Data section section start

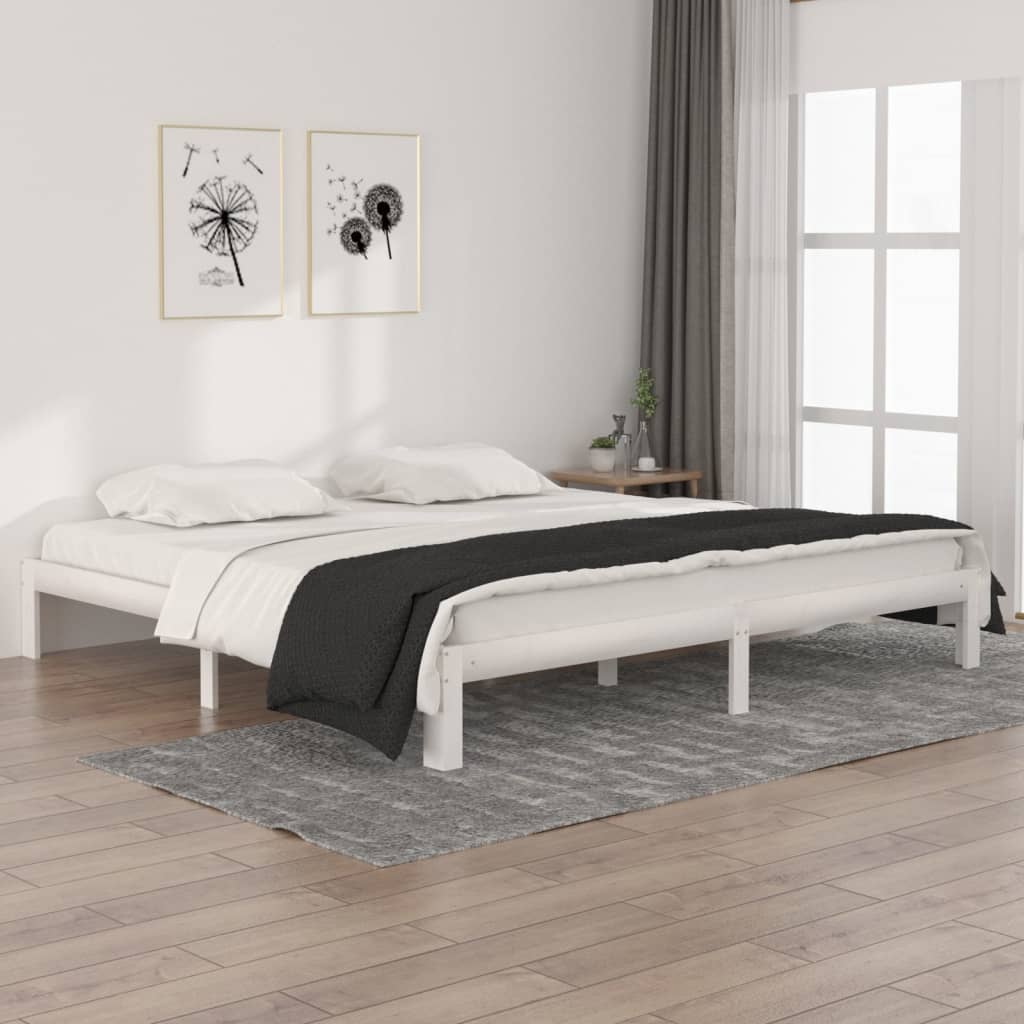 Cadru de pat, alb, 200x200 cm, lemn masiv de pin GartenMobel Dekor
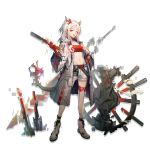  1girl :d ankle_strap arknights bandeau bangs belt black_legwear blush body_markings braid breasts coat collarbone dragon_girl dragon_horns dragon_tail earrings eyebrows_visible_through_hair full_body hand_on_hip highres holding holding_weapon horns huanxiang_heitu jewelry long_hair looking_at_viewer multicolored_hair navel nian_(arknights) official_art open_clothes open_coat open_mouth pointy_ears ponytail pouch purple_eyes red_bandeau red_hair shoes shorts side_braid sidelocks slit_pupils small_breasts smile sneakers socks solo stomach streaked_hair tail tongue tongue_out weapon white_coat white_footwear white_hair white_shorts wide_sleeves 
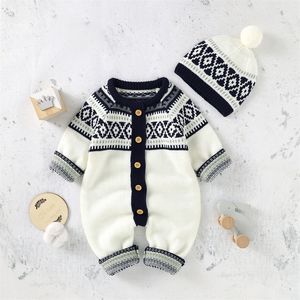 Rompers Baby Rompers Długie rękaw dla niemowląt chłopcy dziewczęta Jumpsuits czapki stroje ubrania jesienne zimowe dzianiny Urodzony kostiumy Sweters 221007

Data section section end

* _About this task_:
Return the material exactly as given above, picture-free.

* _Reply to the exercise_:
 Cadru de pat, alb, 200x200 cm, lemn masiv de pin GartenMobel Dekor
  1girl :d ankle_strap arknights bandeau bangs belt black_legwear blush body_markings braid breasts coat collarbone dragon_girl dragon_horns dragon_tail earrings eyebrows_visible_through_hair full_body hand_on_hip highres holding holding_weapon horns huanxiang_heitu jewelry long_hair looking_at_viewer multicolored_hair navel nian_(arknights) official_art open_clothes open_coat open_mouth pointy_ears ponytail pouch purple_eyes red_bandeau red_hair shoes shorts side_braid sidelocks slit_pupils small_breasts smile sneakers socks solo stomach streaked_hair tail tongue tongue_out weapon white_coat white_footwear white_hair white_shorts wide_sleeves 
 Rompers Baby Rompers Długie rękaw dla niemowląt chłopcy dziewczęta Jumpsuits czapki stroje ubrania jesienne zimowe dzianiny Urodzony kostiumy Sweters 221007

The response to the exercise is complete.